Annually, National Read a Road Map Day on April 5th challenges us to test our skills.

  • The earliest road map, Britania Atlas, was drawn by cartographer John Ogilby in 1675.
  • In the past, cartographers had limited resources and unsurprisingly made mistakes when drawing maps. For example, in 1798, the first map of Africa featured the massive Mountains of Kong. The only problem was they didn’t exist. Even so, the Mountains of Kong would be placed on maps of Africa for the next 100 years.
  • modern mapmakers often incorporate fake towns into their maps on purpose. These are known as “paper towns”, “phantom settlements,” or (for some reason) “bunnies.” The thinking behind this is that if the cartographer comes across another map with the same fake town, they know it is a copy!
  • The map that’s familiar to most of us is the Mercator projection, it’s been a fixture in classrooms and world atlases for nearly 500 years. It is also, as you might expect, full of inaccuracies.
  • North may be at the top of maps today, but that wasn’t always the case. During the middle ages, most Western maps put east at the top instead.
  • In Latin, the word for east is “oriens”, so to hold the map correctly, you had to “orient” it—that is, make sure East was on top. This is where we get the word “orientation” today.
  • The first map to use the name “America” was created by the German cartographer Martin Waldseemüller in 1507.

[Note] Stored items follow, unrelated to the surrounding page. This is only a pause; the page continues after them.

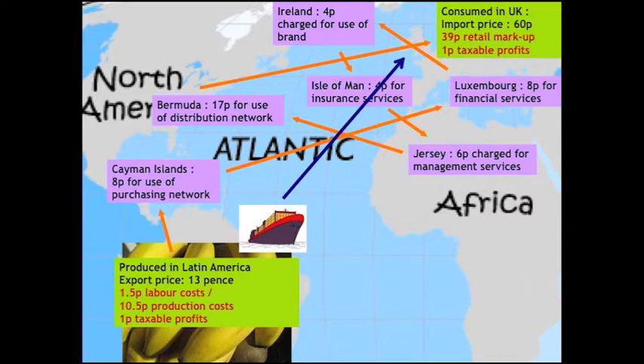Onto Jersey — that's where I came in; I happened to know because I was working in Jersey at the time, and that's where we got the entry into the research. Six pence charged for the use of management services — notice how that compares to the labour costs back in Honduras. Onto Bermuda: 17 pence charged for the use of the distribution network. Do the arithmetic and by the time it's arrived in Britain, 47 percent of your purchase price is actually accounted for by intellectual property rights parked offshore in tax havens.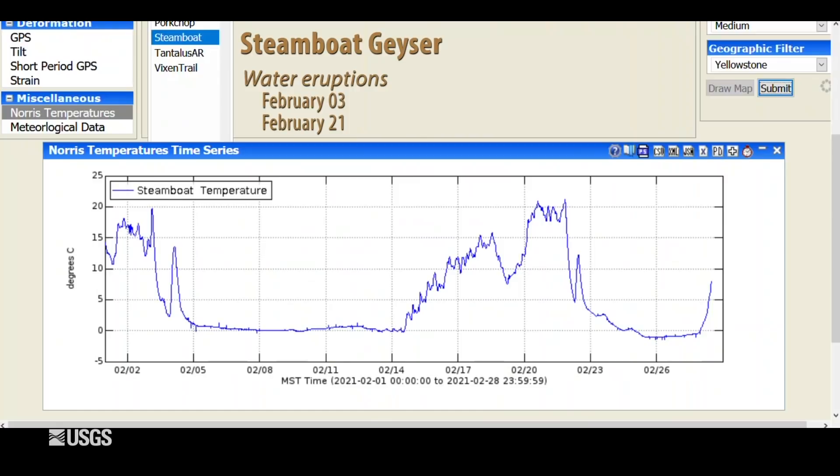Finally, looking at everyone's favorite geyser — Steamboat Geyser in the Norris Geyser Basin — there were two eruptions during the month of February. This is the temperature record from Steamboat: every time there is high temperature, that means hot water is running through the channel. The spikes on February 3rd and again on February 21st indicate major water eruptions, with all the lead-in activity being minor eruptive activity. That brings the total for the year to four eruptions. There haven't been that many, but that's typical of winter months because groundwater levels are a little lower. Hopefully this picks up in the months to come for another spectacular summer at Yellowstone.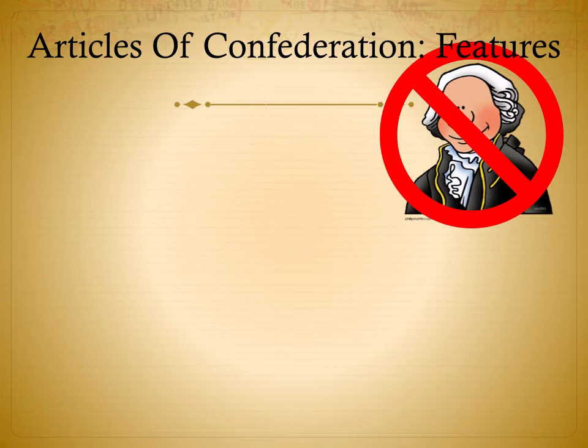First feature: no chief executive — no president, no king, no main leader. Why? Fear of a strong central government with another powerful executive like King George III. We had just fought a war to get rid of him and were not going to go near that again. The problem is that lack of a national leader created confusion — if another country needed to talk to us, who would they talk to? There were 13 different leaders for 13 different states, which became a big problem.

  • In 44 CE, ancient Roman thinker Pliny the Elder wrote that every creature on land has a counterpart in the ocean. Because of that, ancient mapmakers would draw sea monsters on their maps to look like aquatic versions of familiar land animals: sea
    cows, sea serpents, sea pigs, marine pig-dogs, etc. If you’ve ever seen a sea lion or a seahorse, this is how they got their names!
  • The oldest globe on record dates back to around 1,500 and is carved on the surface of an ostrich egg.  It’s also the first time the phrase “here be dragons” appears on a map.
  • The oldest known map is not of the Earth but of the stars. In 2000, a map of the night sky was discovered in one of the caves in the cave complex at Lascaux, France and is believed to be more than 16,500 years old.
  • Map censorship or cartographic censorship is a real thing. Governments prohibit the publishing of maps with locations of military installations, security bases, communication towers, and defense installations. Satellite imagery has rendered such censorship less effective, but still, governments continue to practice it to protect national interests.
  • Current maps do not include old Route 66. The last stretch of the road disappeared from “official” maps in 1985.
  • Route 66 crosses 8 states and 3 time zones. The states that the Mother Road runs through are: IllinoisMissouriKansasOklahomaTexasNew MexicoArizona, and California.
  • Because of a change in the alignment of Route 66 in 1937, there is an intersection where Route 66 crosses itself at Central Avenue and 4th Street in downtown Albuquerque, New Mexico. Here, you can stand on the corner of Route 66 and Route 66.
  • The last original Route 66 road sign was taken down in Chicago on January 17, 1977.
  • According to the National League of Cities, the most common U.S. street name is Second. The 2nd most common name is Third. The 3rd most common name is First.